Le lundi 5 juillet 1999


Les chromés
Pierre Foglia, La Presse, Tour de France

Le Tour de France, c'est une semaine de trop : la première. Le tour se joue dans les contre-la-montre et dans les montagnes. La première semaine est une concession faite à une race de coureurs un peu particulière, une race d'extravagants extravertis: les sprinters. Les sprinters sont les rapers du vélo, les nègres chromés de ce sport entièrement blanc.

La première semaine du Tour de France, c'est la semaine Cipollini, le dandy magnifique. Je ne sais pas pourquoi il n'a pas gagné hier. Il devait être en train de regarder les filles. Il gagnera demain ou après.

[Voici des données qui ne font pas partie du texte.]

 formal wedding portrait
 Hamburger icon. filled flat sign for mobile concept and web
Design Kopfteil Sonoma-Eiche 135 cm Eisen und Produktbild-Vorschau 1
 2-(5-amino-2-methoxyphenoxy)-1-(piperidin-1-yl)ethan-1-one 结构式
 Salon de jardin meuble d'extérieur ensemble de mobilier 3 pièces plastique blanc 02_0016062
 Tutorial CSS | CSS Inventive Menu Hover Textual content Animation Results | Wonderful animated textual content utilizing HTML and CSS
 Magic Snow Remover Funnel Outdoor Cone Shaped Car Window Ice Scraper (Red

Hier, à Challans, c'est le plus timide qui a gagné. Très original, la timidité, pour un sprinter. L'Estonien Jaan Kirsipuu est ce genre de sprinter qui se laisse emporter et ballotter par la houle furieuse des attaques du dernier kilomètre comme s'il se trouvait là par hasard. On ne le voit pas venir. S'il jouait au hockey il serait Michael Bossy, voyez le genre ? Il gagne toujours par un demi-centimètre à la dernière demi-seconde. Ça, ça fâche les autres ! Merde d'où il sort lui?

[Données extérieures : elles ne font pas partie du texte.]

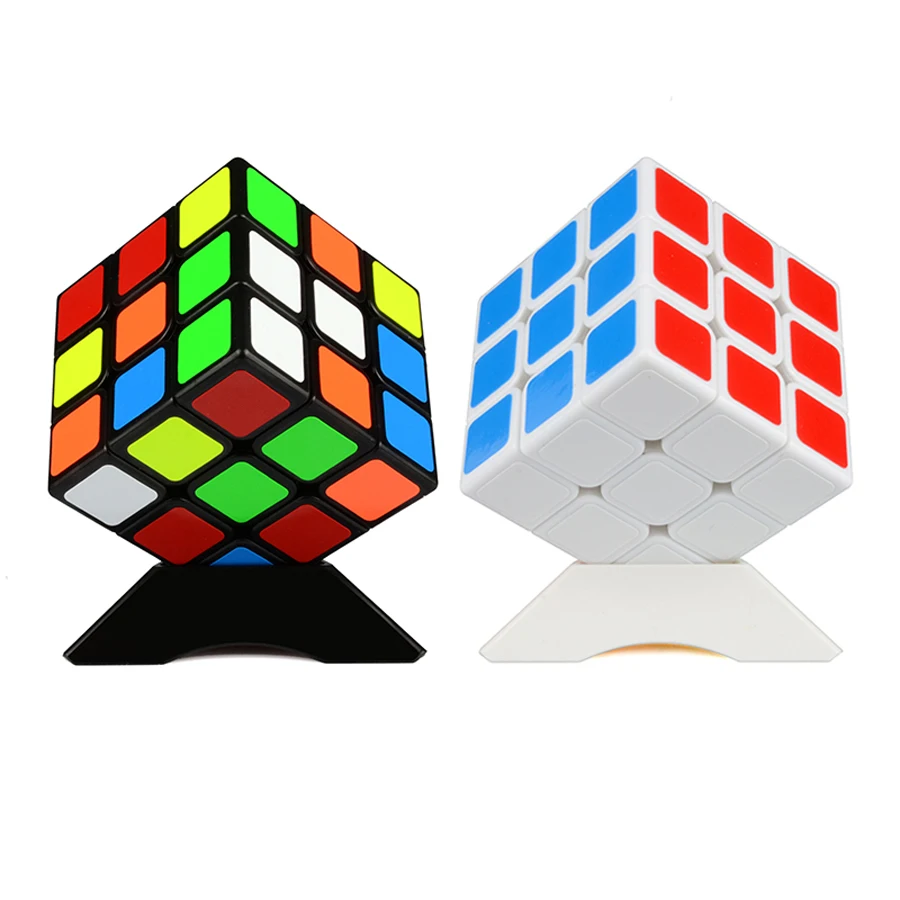 Velocidad clásica cubo mágico rompecabezas juguetes de plástico polimorfo Brinquedo niño cerebro Teaser Brinquedo Educativo regalo de los niños 70D0307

Il y en a un autre comme Kirsipuu dans le peloton, l'italien Nicola Minali. Mais le meilleur de tous les sprinters, je vous le répète, c'est Mario Cipollini. C'est lui qui va gagner aujourd'hui à Saint-Nazaire.

Ou alors ce sera le Belge Tom Steels, vainqueur de quatre étapes l'an dernier.

Ou alors l'Allemand Erik Zabel. Ou rebelote Kirsipuu, ce n'est pas impossible. Ou encore un de ces quatre-là: O'Grady, Minali, Martinello, McEwen.

Et si aucun de ceux-là ? J'aimerais bien. Ça voudra dire qu'il y aura eu une course, avant le dernier kilomètre.